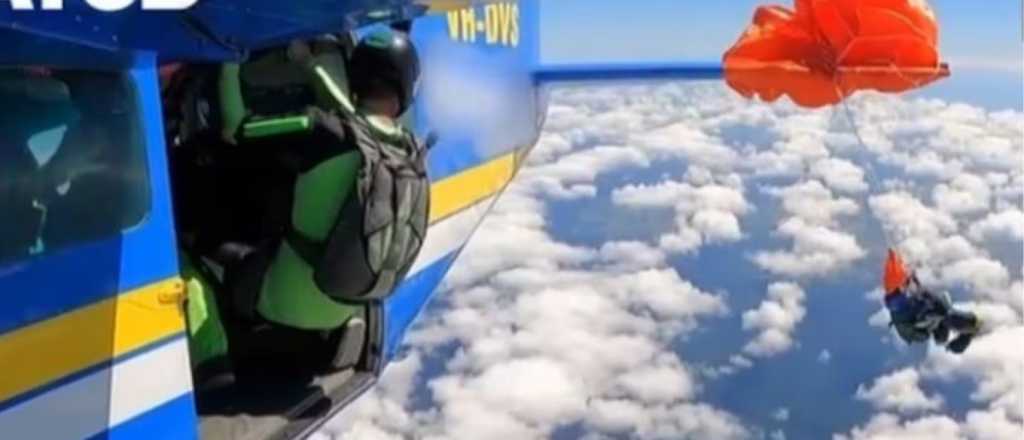 Video: el susto mortal de un hombre que saltó de un avión en paracaídas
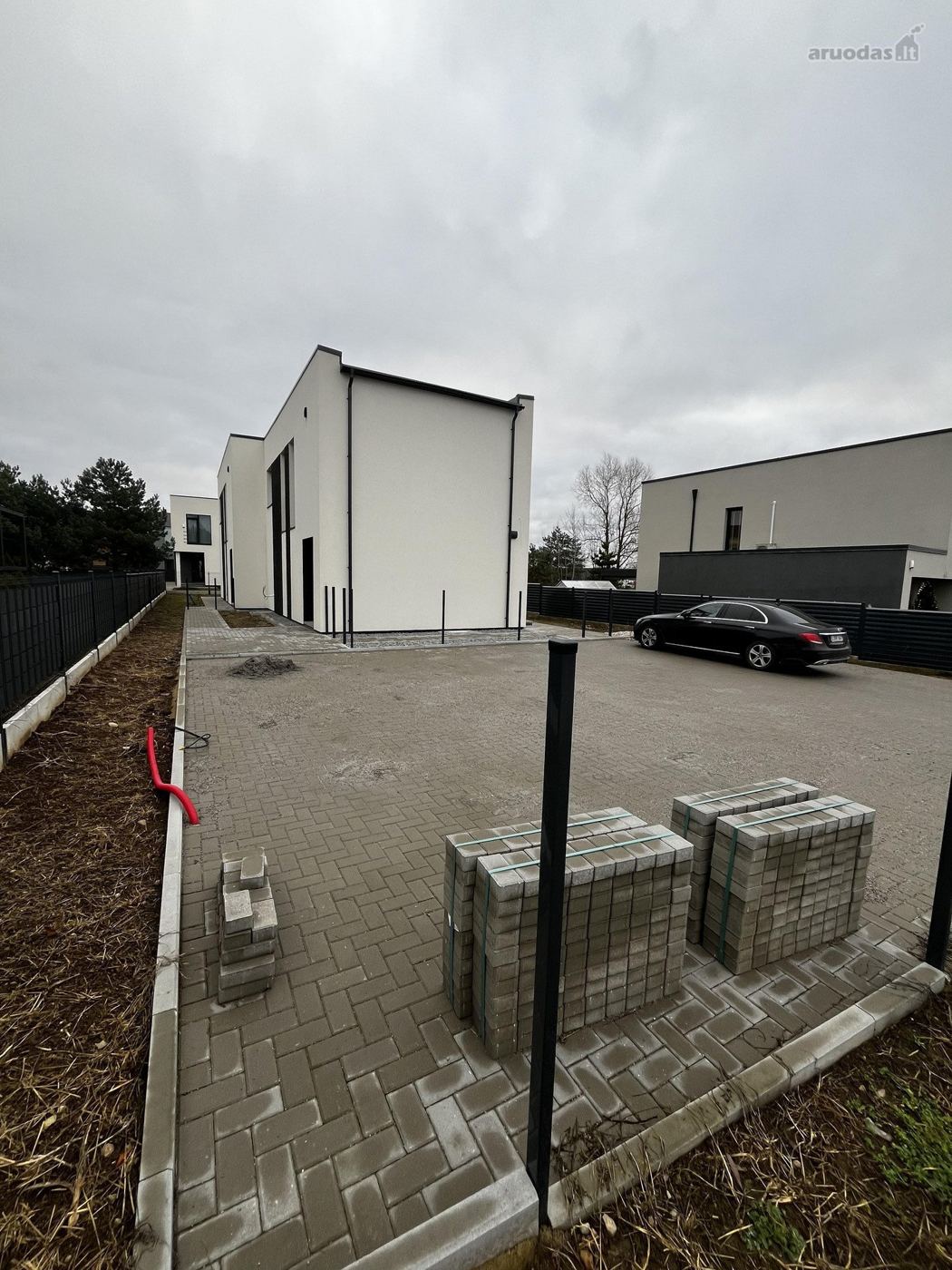 4 kambarių namas - Kaunas, Žemutiniai Kaniūkai, Rimties skg.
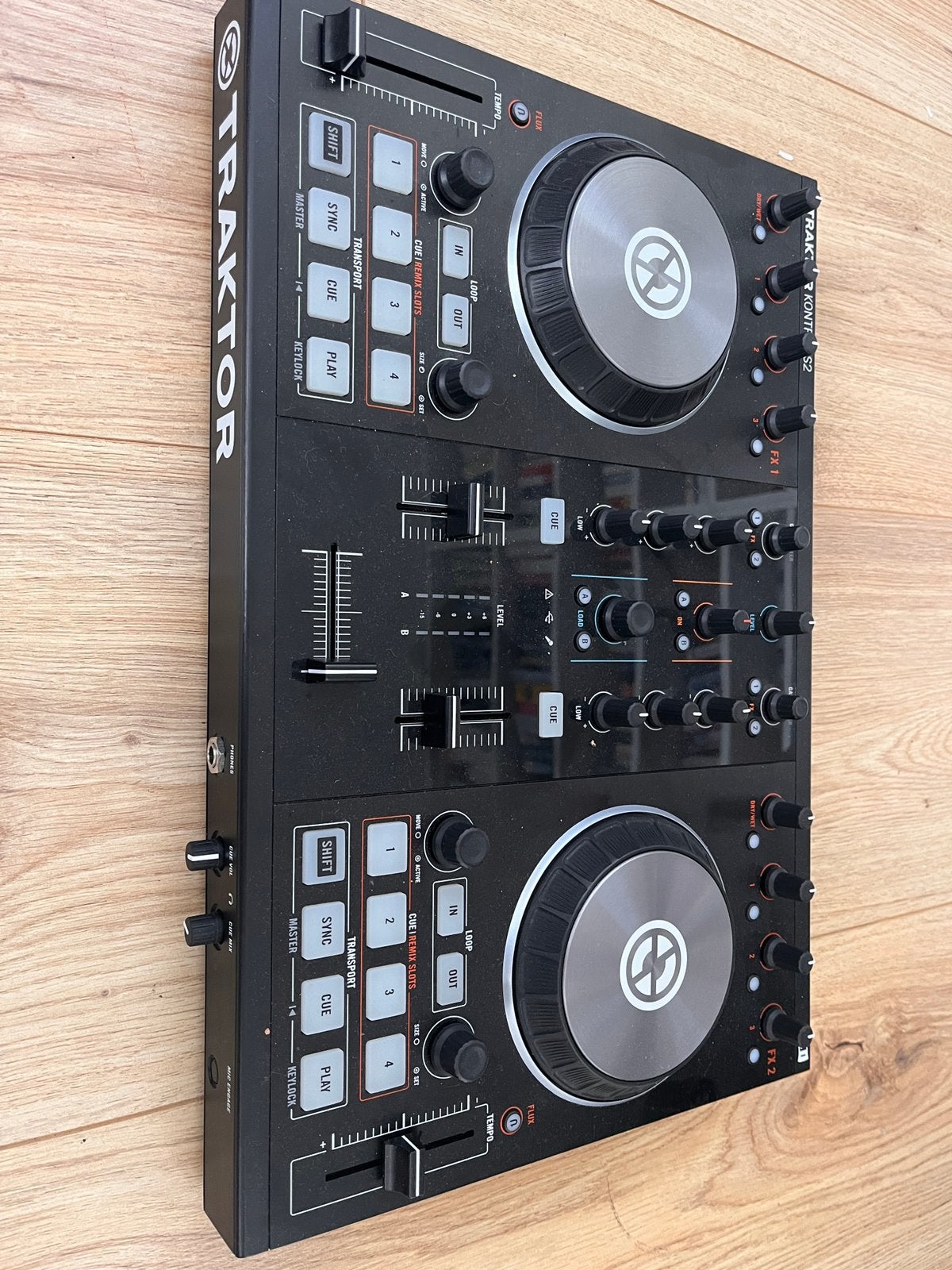 Traktor Kontrol S2 2deck dj set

# [WHAT IS NEEDED]
Give back the whole listing exactly as it stands. No pictures belong in the copy.

# [SOLUTION]
 Video: el susto mortal de un hombre que saltó de un avión en paracaídas
 4 kambarių namas - Kaunas, Žemutiniai Kaniūkai, Rimties skg.
 Traktor Kontrol S2 2deck dj set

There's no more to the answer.